> _Task directions_:
What you return should be the complete listing, unchanged, with no pictures in it.

> _The data_:
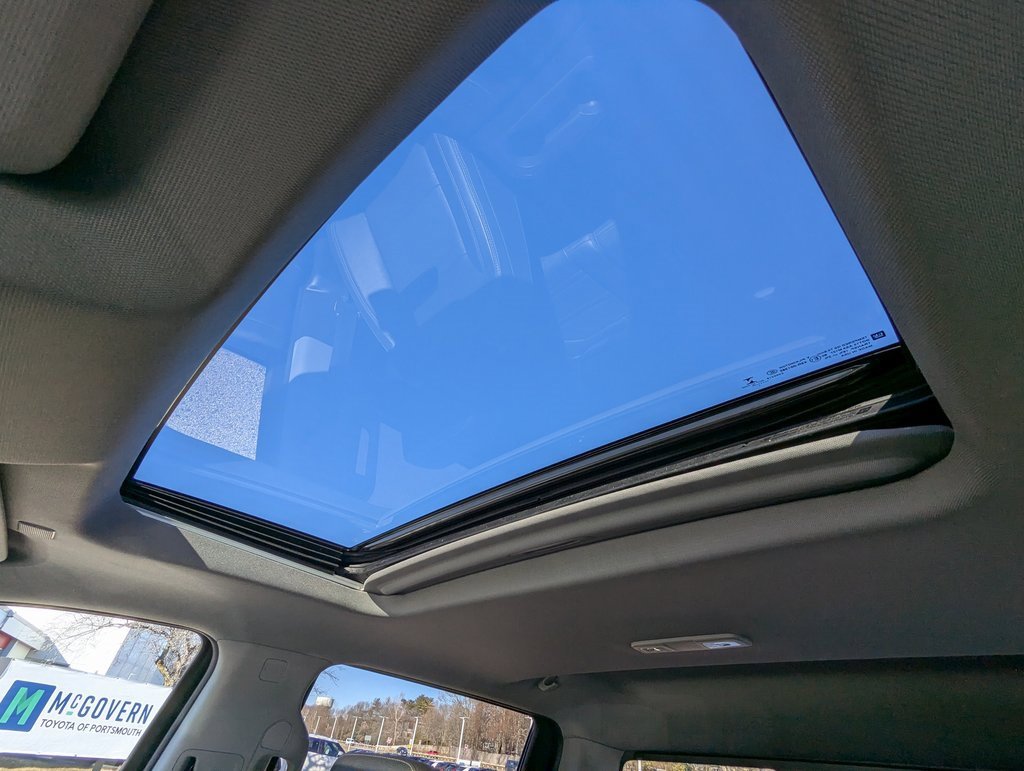 Used 2022 GMC Sierra 1500 Denali w/ Denali Premium Package image 19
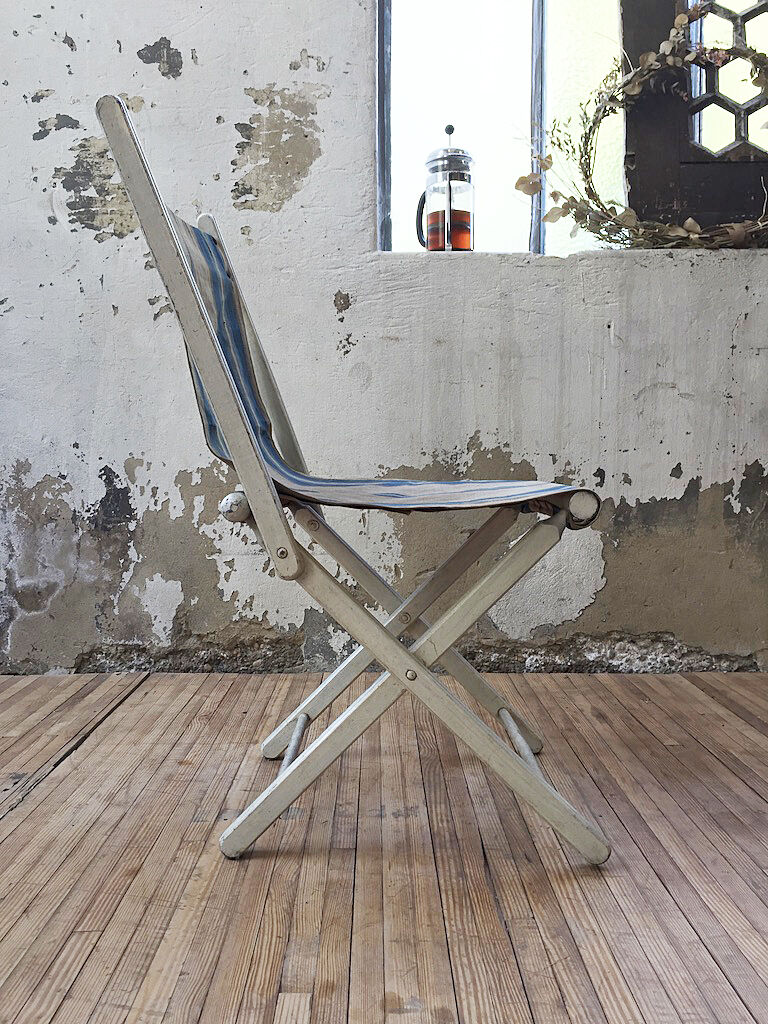 Folding garden chair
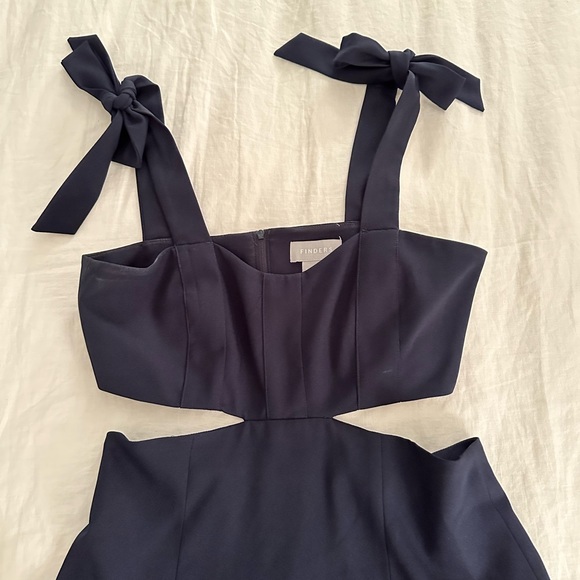 Finders Keepers Navy Mini Dress - Picture 3 of 6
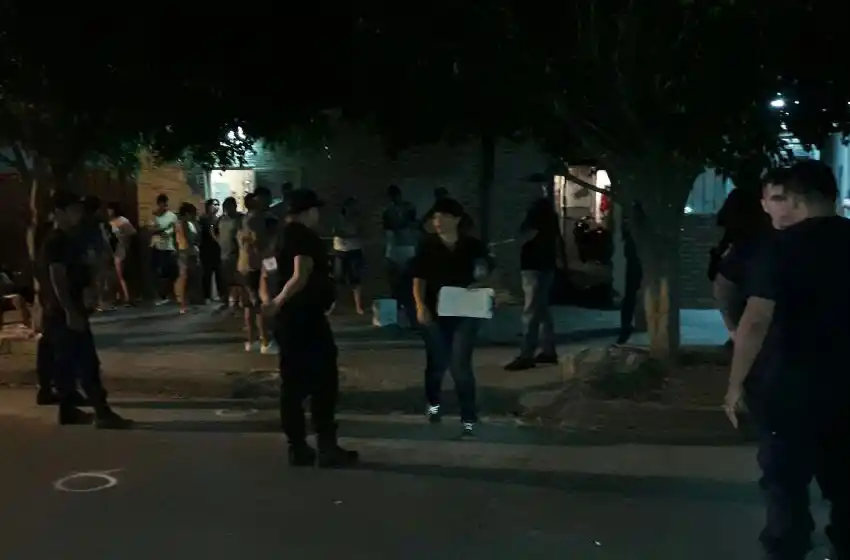 En medio de un festival contra la violencia, disparan contra una casa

> _Answer to the exercise_:
 Used 2022 GMC Sierra 1500 Denali w/ Denali Premium Package image 19
 Folding garden chair
 Finders Keepers Navy Mini Dress - Picture 3 of 6
 En medio de un festival contra la violencia, disparan contra una casa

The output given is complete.